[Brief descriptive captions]
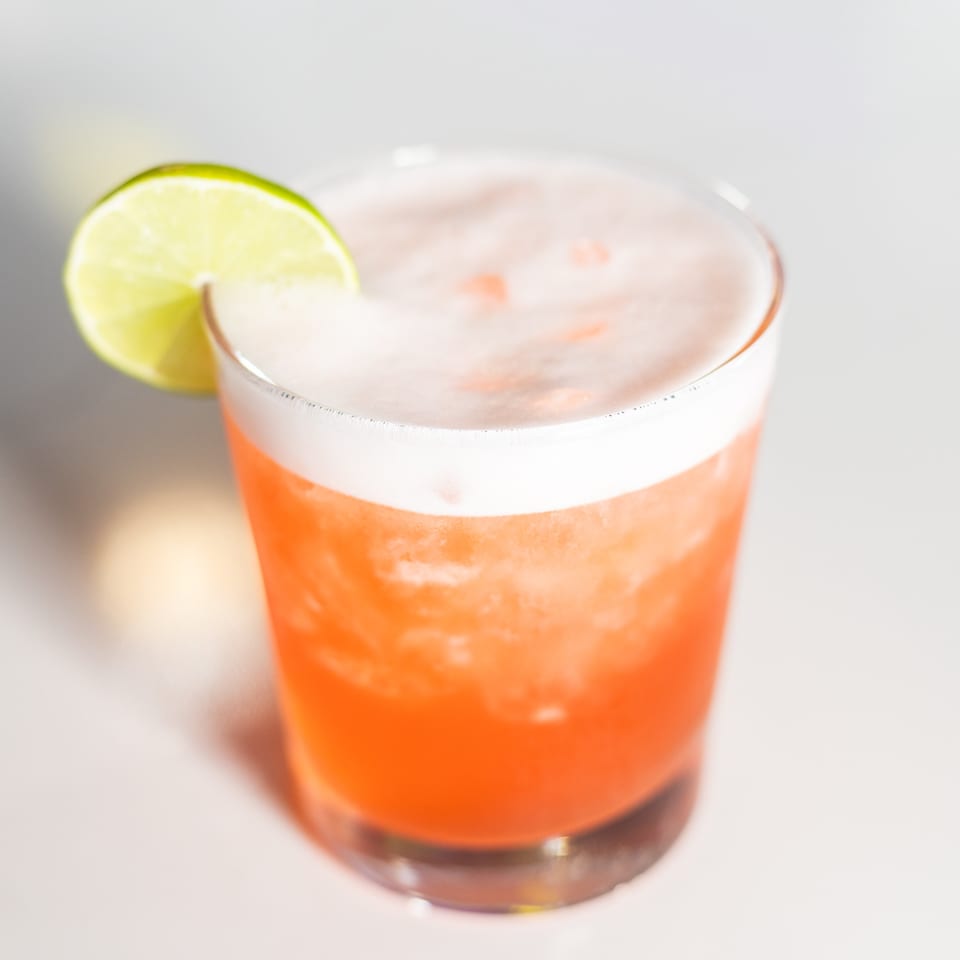A vibrant orange cocktail with a foamy white top, garnished with a fresh lime slice.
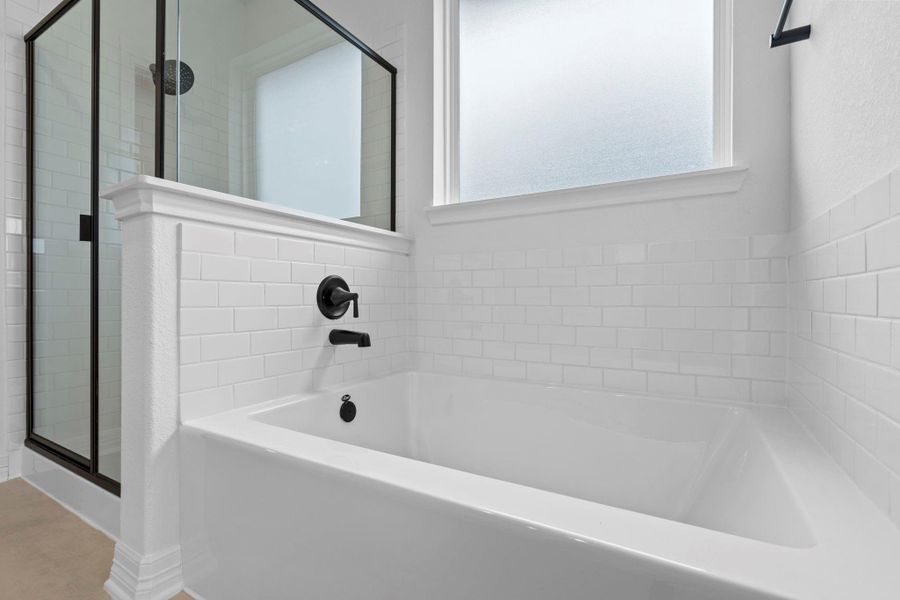 This additional view of your primary bathroom features tile flooring, fresh paint, walk-in shower, a separate garden tub, and a large walk-in closet.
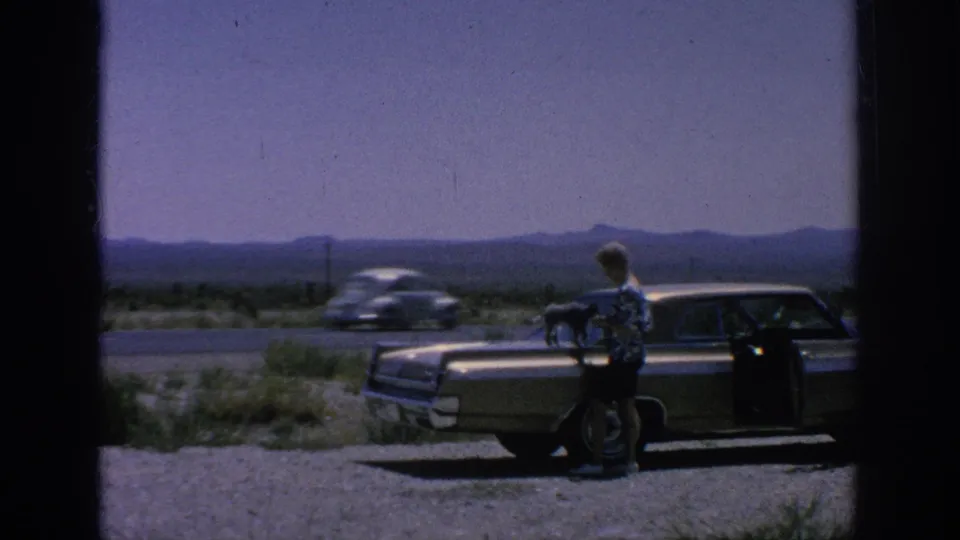 A white car passes behind the roadside sedan as the man stands near the dog on the hood in archival 8mm footage.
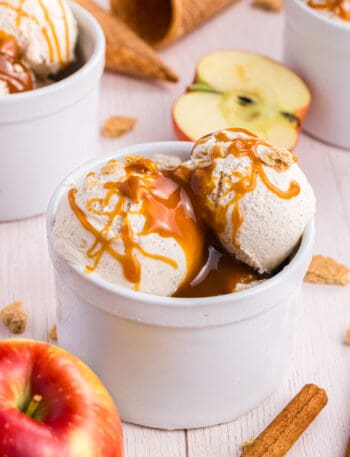 Apple Pie Ice Cream scoops in a white ramekin drizzled with caramel syrup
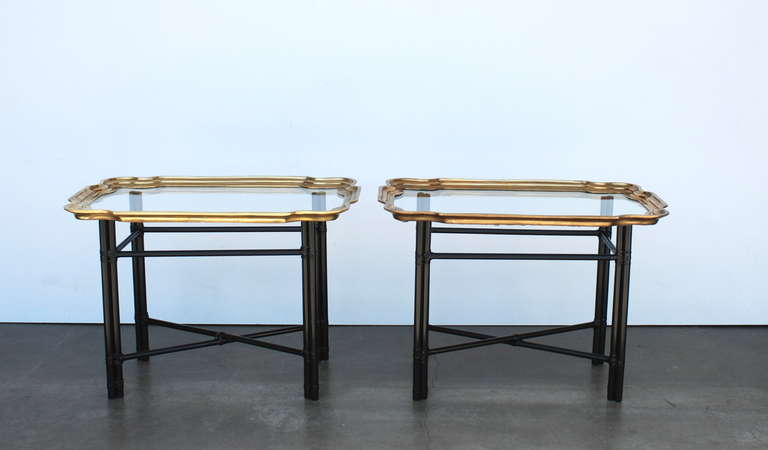 A pair of side tables with removable brass trimmed glass trays that rest on metal faux bamboo bases which have been recently refinished in a satin black.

- Work instructions: Set the pictures aside and transcribe the data above exactly.

- Output for this exercise:
A vibrant orange cocktail with a foamy white top, garnished with a fresh lime slice.
 This additional view of your primary bathroom features tile flooring, fresh paint, walk-in shower, a separate garden tub, and a large walk-in closet.
 A white car passes behind the roadside sedan as the man stands near the dog on the hood in archival 8mm footage.
 Apple Pie Ice Cream scoops in a white ramekin drizzled with caramel syrup
 A pair of side tables with removable brass trimmed glass trays that rest on metal faux bamboo bases which have been recently refinished in a satin black.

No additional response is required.